Investing.com - Manufacturing activity in the U.S. fell more than expected in July, according to an industry report released on Tuesday, dampening optimism over the U.S. economy.
The Institute for Supply Management (ISM) said its index of manufacturing activity retreated to 56.3 last month from June’s reading of 57.8.
Analysts had forecast the index to fall to only 56.5.
A reading above 50.0 indicates expansion in the manufacturing sector, below indicates contraction.
Despite the worse-than-expected reading, the ISM indicated that the survey suggested that the overall economy had grown for the 98th consecutive month.
The new orders index dropped to 60.4 in July from 63.5 a month earlier.
The employment index decreased to 55.2 last month from the prior 57.2 and compared to forecasts for a drop to 55.1.
The prices paid index rose to 62.0 in July, from the previous reading of 55.0. Economists had forecast an increase to just 55.5.

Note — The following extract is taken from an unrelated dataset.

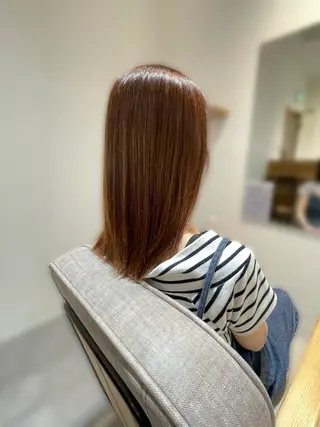 ミディアム 髙梨 いず美のヘアスタイル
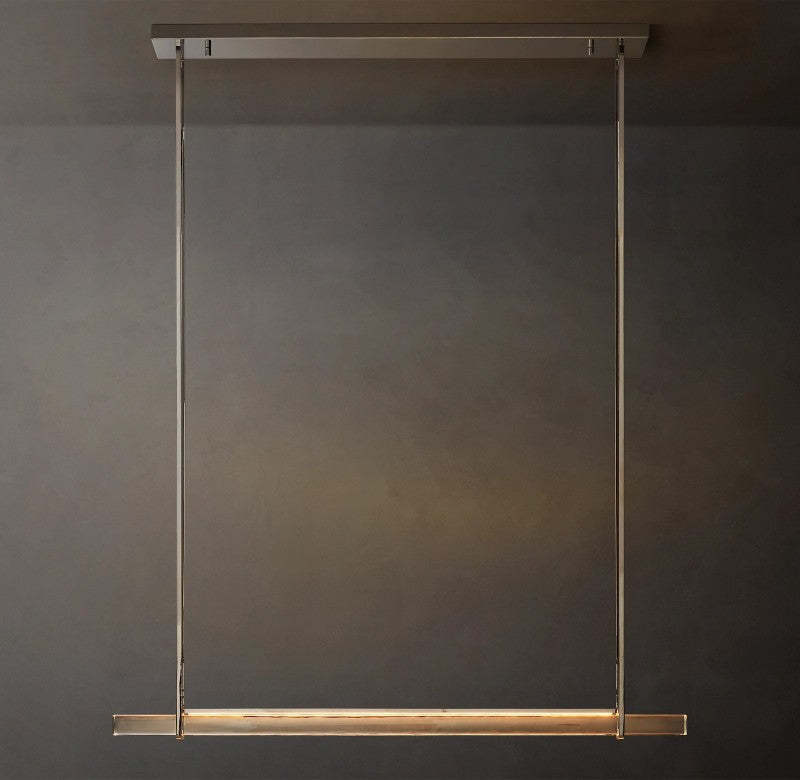 Audubon Single Bar Linear Chandelier 60-Inch-Fullstarlighting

“Comments from the panel generally reflect expanding business conditions, with new orders, production, employment, backlog and exports all growing in July compared to June, as well as supplier deliveries slowing (improving) and inventories unchanged during the period,” the ISM noted.
After the report, which was published simultaneously with construction spending for June, EUR/USD was trading at 1.1833 from around 1.1814 ahead of the release of the data, GBP/USD was at 1.3235 from 1.3225 earlier, while USD/JPY was at 110.12 from 110.18 earlier.
The US dollar index, which tracks the greenback against a basket of six major rivals, was at 92.68, compared to 92.77 ahead of the report.
Meanwhile, U.S. stock markets were trading higher after the open. The Dow 30 gained 63 points, or 0.29%, the S&P 500 rose 5 points, or 0.20%, while the Nasdaq Composite traded up 14 points, or 0.22%.
Elsewhere, in the commodities market, gold futures traded at $1,272.26 a troy ounce, compared to $1,268.68 ahead of the data, while crude oil changed hands at $49.55 compared to $49.56 earlier.